Just then the speakers crackled again. It was the pilot. He said there was a technical snag and the engineers were looking at it. He said he wouldn’t be able to give us a time frame of when the flight would depart until the engineers did their job. I dozed off while reading the book.

When I awoke it was 9.15 p.m. and the flight was still in Nagpur airport. I realized I was freezing. I noticed that the lady sitting next to me had opened the AC vent above me and directed it toward my being. While she had closed the vent above her seat. This when I was running a fever.

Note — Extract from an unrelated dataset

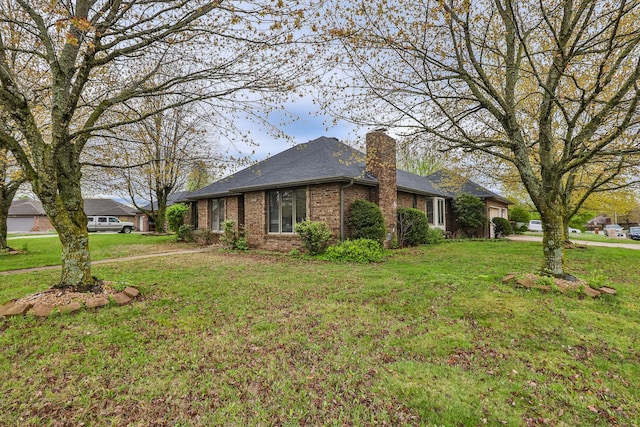 3740 W Glenwood Ct, Springfield, MO 65807 - view of side of property with brick siding, a shingled roof, a lawn, and a chimney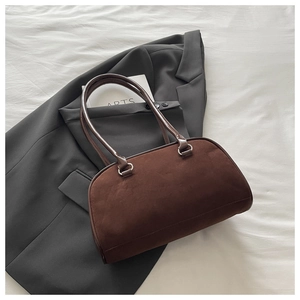 Close-up of dark brown suede baguette bag with smooth leather handle and silver metal hardware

I rubbed my eyes to see five ground staff dressed in neon jackets asking questions loudly. Passengers were being asked to identify their bags in the overhead bins. What was the confusion now? Apparently some passenger had “self-offloaded”. And technical rules demanded that all bags had to be rechecked to see if that passenger had left anything behind. Standing next to me, one man hollered: “Please identify whose bag this is!” He said that thrice before I pointed out that it had a “crew” tag attached to it. It was the pilot’s bag, the air hostess said. Some passengers were having a good time at the expense of the staff members: “Why didn’t you ask the pilot to come and identify his bag?”.

The pilot, a smart Sardar with envious twirls in his moustache, was taking a walk outside. There were no signs of the fault being rectified. There was an announcement that when another Indigo flight would land at 10.30 p.m. we would all be transferred to that aircraft, and then we would leave. Now we had several passengers walking up to the front. One smart alec went to ask the crew if they would put him up in a hotel, so that he could take the flight next morning. He was refused.

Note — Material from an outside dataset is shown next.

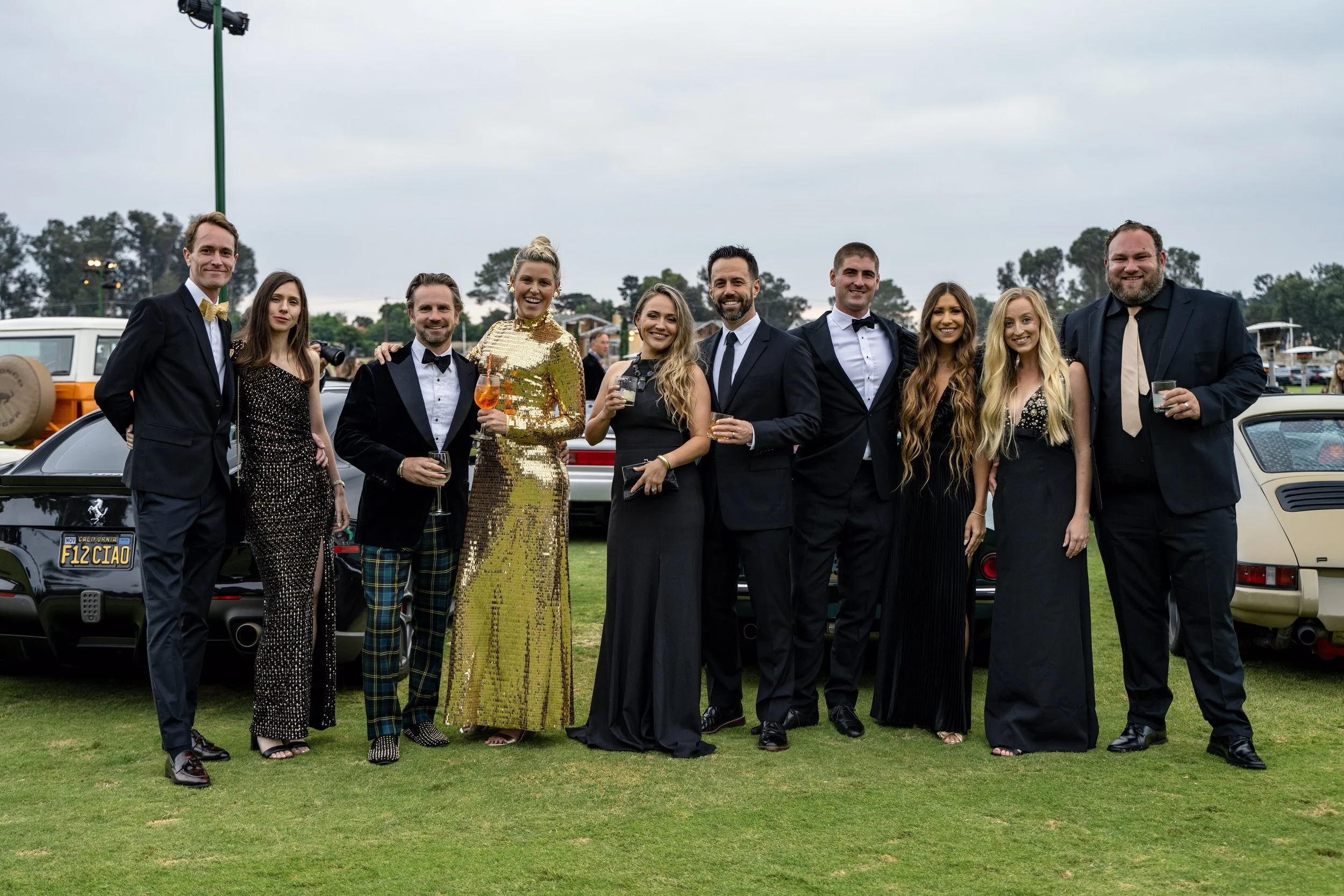 A group of ten people dressed in formal attire standing together outdoors at a car show or event, holding drinks and smiling.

In 10 minutes, the airhostesses and ground staff started handing out snack boxes to all the passengers. The white boxes had an apology printed on them. But some people could not be satisfied. “But this is a kiddie snack box!” a man two rows away complained. The air hostess explained that this was the best they could do in this short notice. “But this is your problem, not mine,” the man screamed like a spoilt brat, “I want my dinner!” She ignored him and walked ahead.

There was pretty to be amused by. Human behaviour can be very interesting. The husband of the woman who was sitting next to me got ingenious. He called out to an air hostess who was passing by and said,”Get me a chilled Coke.” The air hostess kept her calm and went to the next passenger distributing the snack boxes. “Kya kahaa aapne?” asked his wife angrily. ” Do you know your blood sugar levels? And you want to drink a Coke!” she hissed. The next time the same air hostess passed by, the man told her, “I’m making your task easy. Forget the Coke. Get me a chilled bottle of water.” She returned a few moments later with a tray full of glasses of water. “We don’t have chillers on board Sir. This is water at room temperature.” You should have seen his face!

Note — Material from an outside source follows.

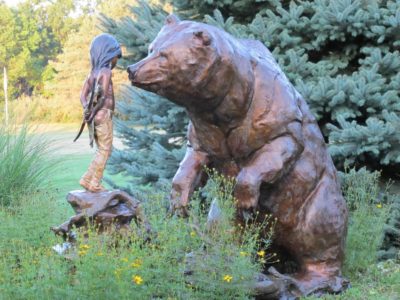 large sculpture bear and a girl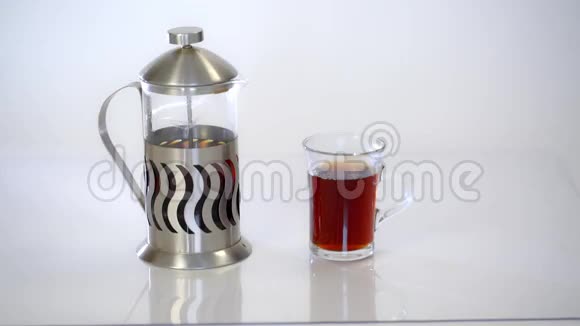 透明茶壶配茶和白底热茶杯视频的预览图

Everyone was lining up to use the toilets and there was a crowd in the aisles. The ground staff quickly cleared all the trash and then the airhostesses started asking passengers to stop using the lavatories, get back to their seats and fasten their seat belts. There was good news. The engineers had rectified the technical fault. The pilot made his announcement. He gave us some aviation spiel about how the ‘elevator’, a part of the plane which allows it to gain altitude was giving problems and how everything was now alright. I tried hard to listen to his explanation, but it went over my head. It was 10.10 p.m. The flight, he said, was now air worthy. But we will have to wait for five more minutes. What now?

“We are waiting for a sandwich.” he announced. “The old lady seated in Alpha One needs her dinner. She isn’t doing too well. Once the sandwich arrives, we will take off!” Wasn’t that super sweet? We all grinned and spontaneously gave him a loud ovation when he said that.

As we landed in Mumbai after midnight, I made it a point to thank Capt Arshdeep with his magnificent twirled moustache for keeping his calm when the passengers could have turned irate.